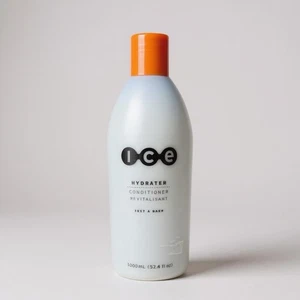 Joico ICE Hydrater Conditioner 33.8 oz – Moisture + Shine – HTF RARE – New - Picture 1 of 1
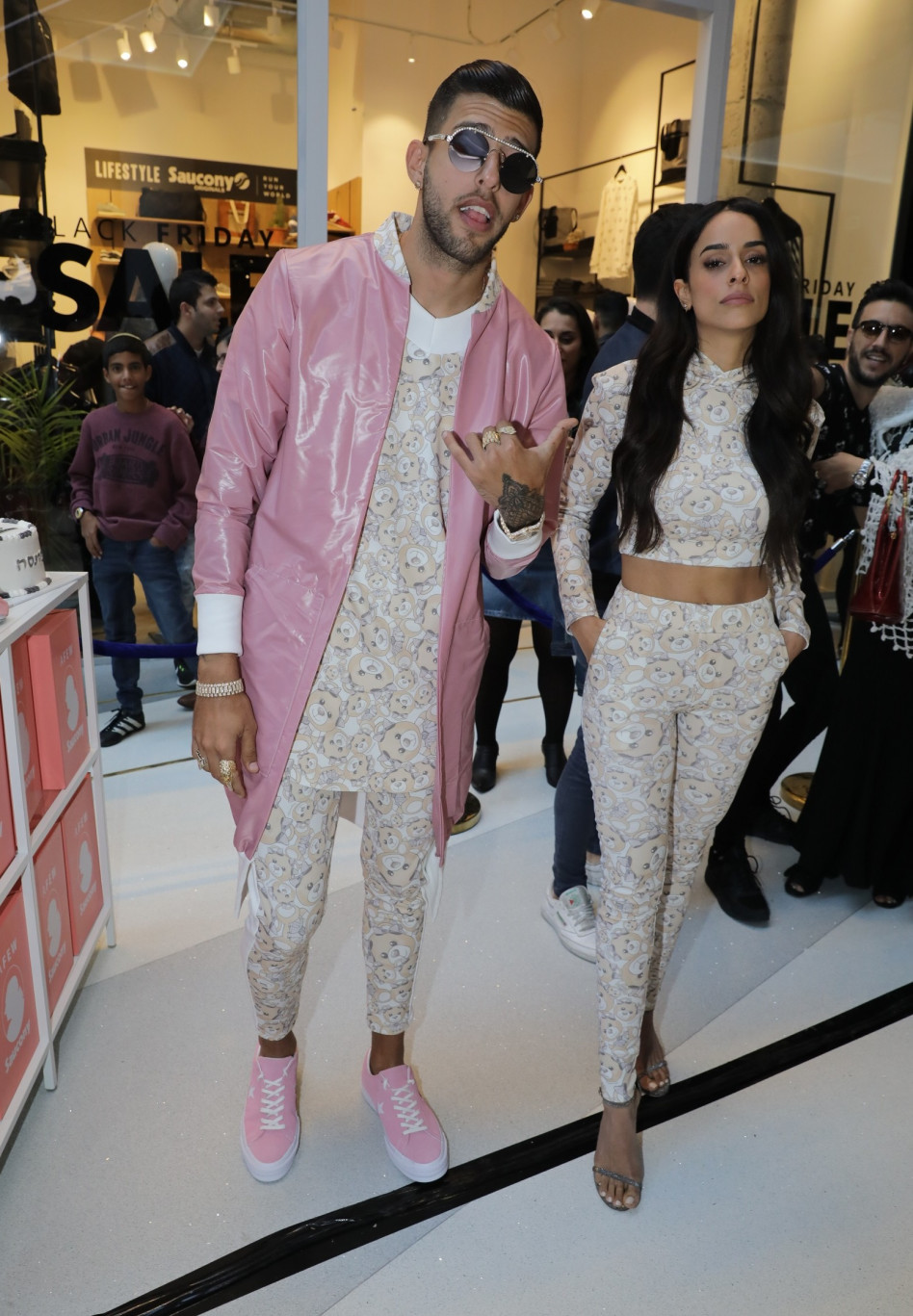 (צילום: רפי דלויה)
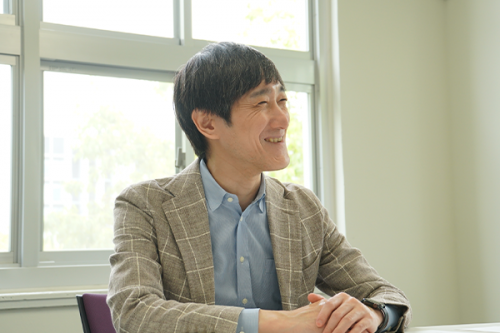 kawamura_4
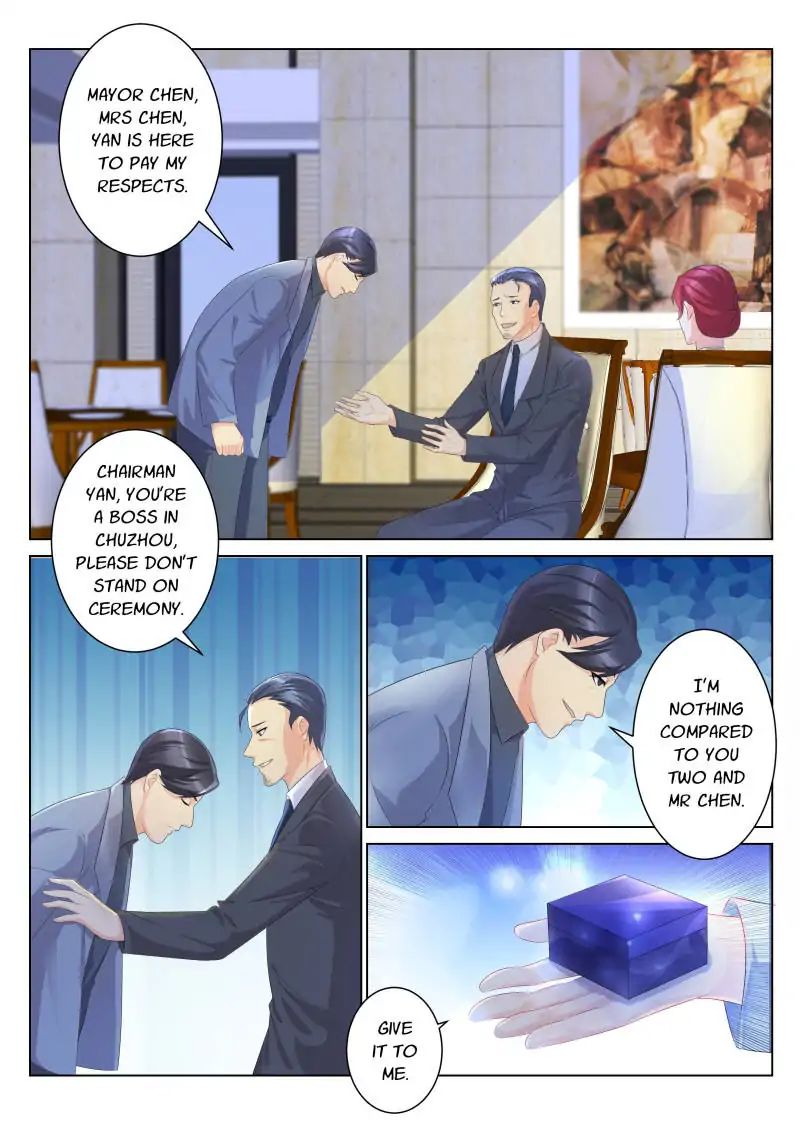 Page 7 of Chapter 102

* * *

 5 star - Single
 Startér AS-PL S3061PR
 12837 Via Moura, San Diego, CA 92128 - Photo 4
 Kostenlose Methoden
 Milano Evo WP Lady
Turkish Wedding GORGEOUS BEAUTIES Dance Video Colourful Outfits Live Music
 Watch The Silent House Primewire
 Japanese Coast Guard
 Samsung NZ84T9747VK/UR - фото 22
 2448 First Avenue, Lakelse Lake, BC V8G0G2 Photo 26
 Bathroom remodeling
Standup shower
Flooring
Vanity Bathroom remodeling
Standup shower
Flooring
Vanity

---

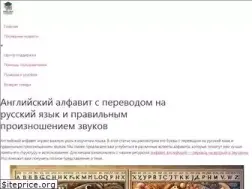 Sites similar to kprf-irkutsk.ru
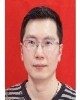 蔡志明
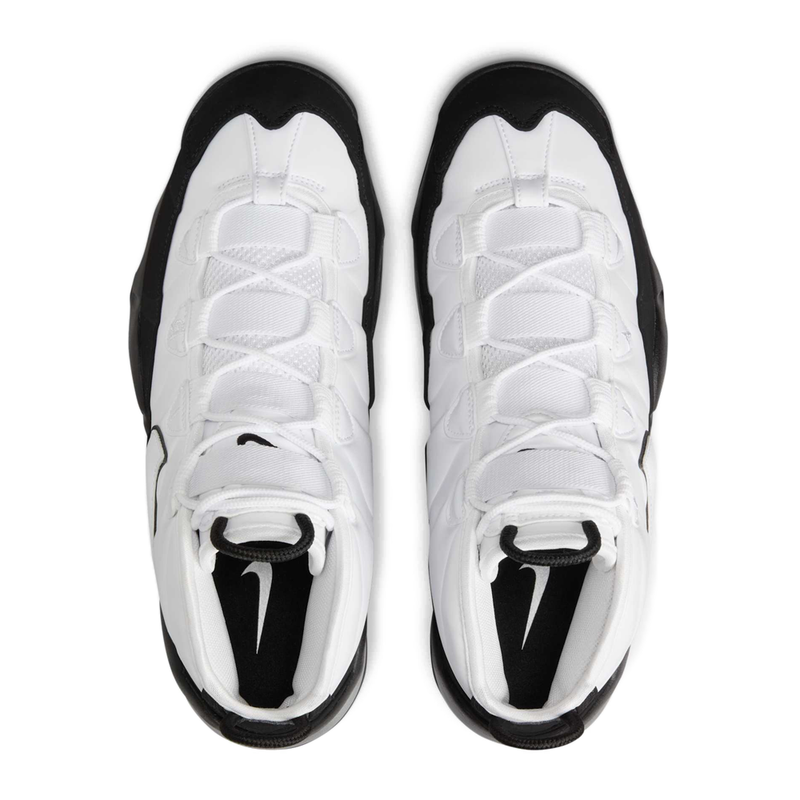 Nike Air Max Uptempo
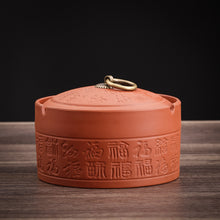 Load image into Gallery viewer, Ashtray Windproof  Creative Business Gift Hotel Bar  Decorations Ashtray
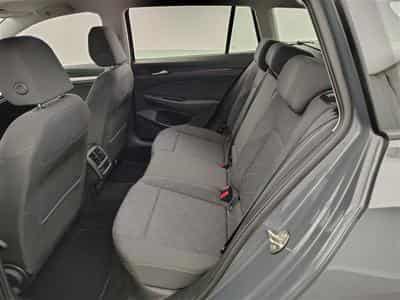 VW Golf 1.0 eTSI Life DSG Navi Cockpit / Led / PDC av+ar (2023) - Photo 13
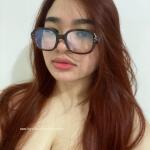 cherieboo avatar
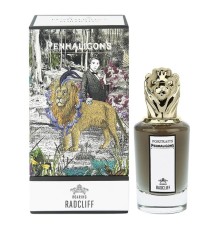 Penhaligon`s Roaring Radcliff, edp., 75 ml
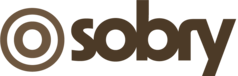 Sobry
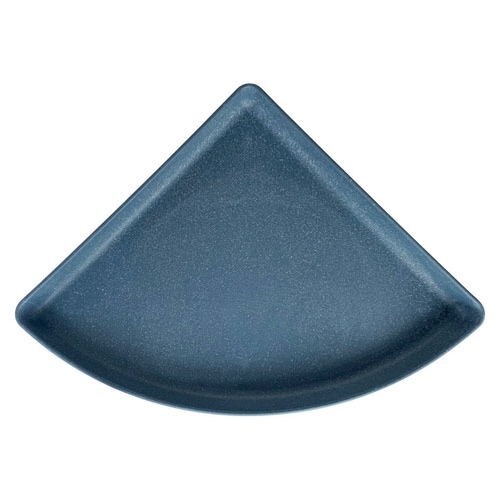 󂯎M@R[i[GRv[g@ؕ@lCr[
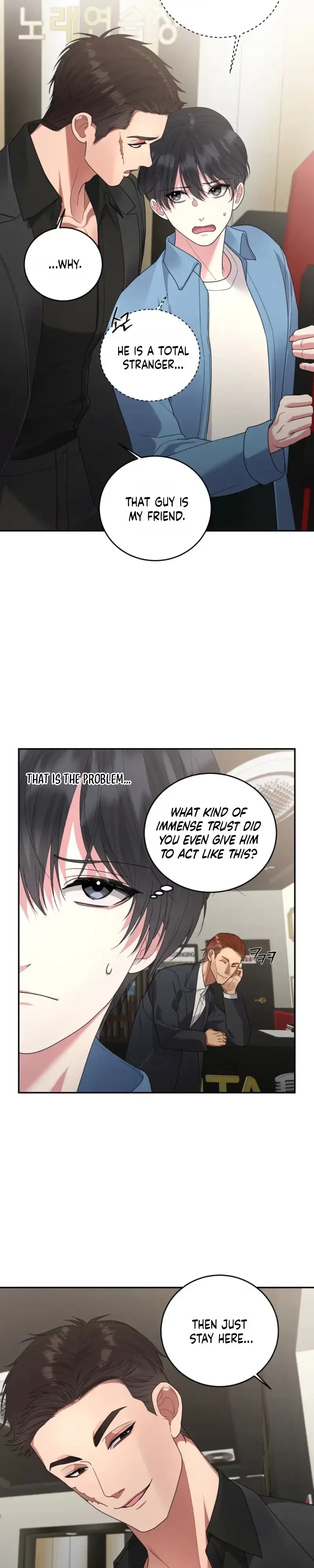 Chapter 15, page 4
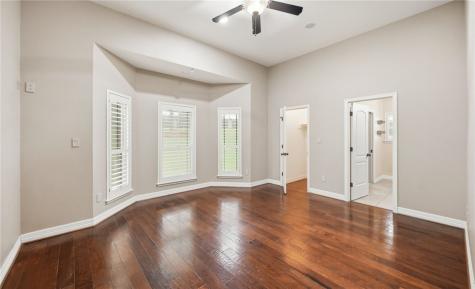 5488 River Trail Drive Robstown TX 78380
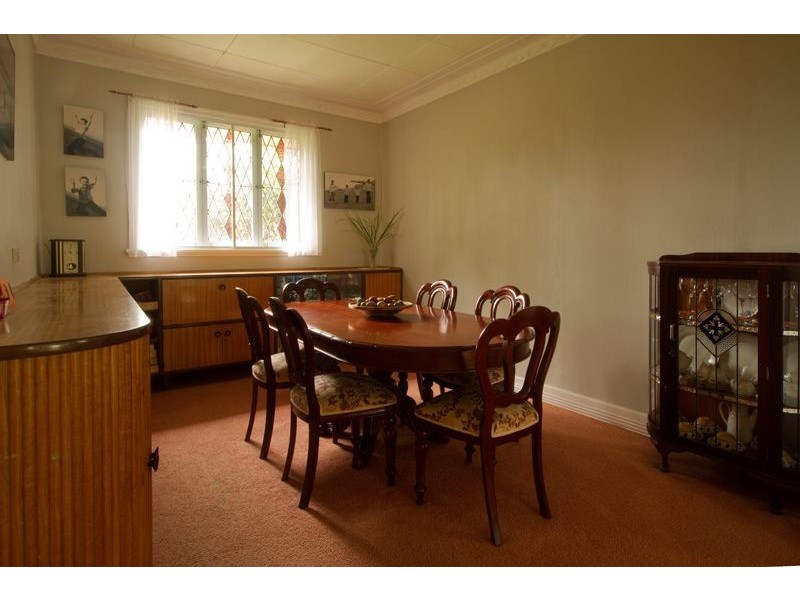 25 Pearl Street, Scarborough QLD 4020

Goal of the exercise
Reproduce the listing above from the line that holds "Joico ICE Hydrater" through the line that holds "Page 7 of Chapter 102", both included, with the pictures left out.

Task solution
 Joico ICE Hydrater Conditioner 33.8 oz – Moisture + Shine – HTF RARE – New - Picture 1 of 1
 (צילום: רפי דלויה)
 kawamura_4
 Page 7 of Chapter 102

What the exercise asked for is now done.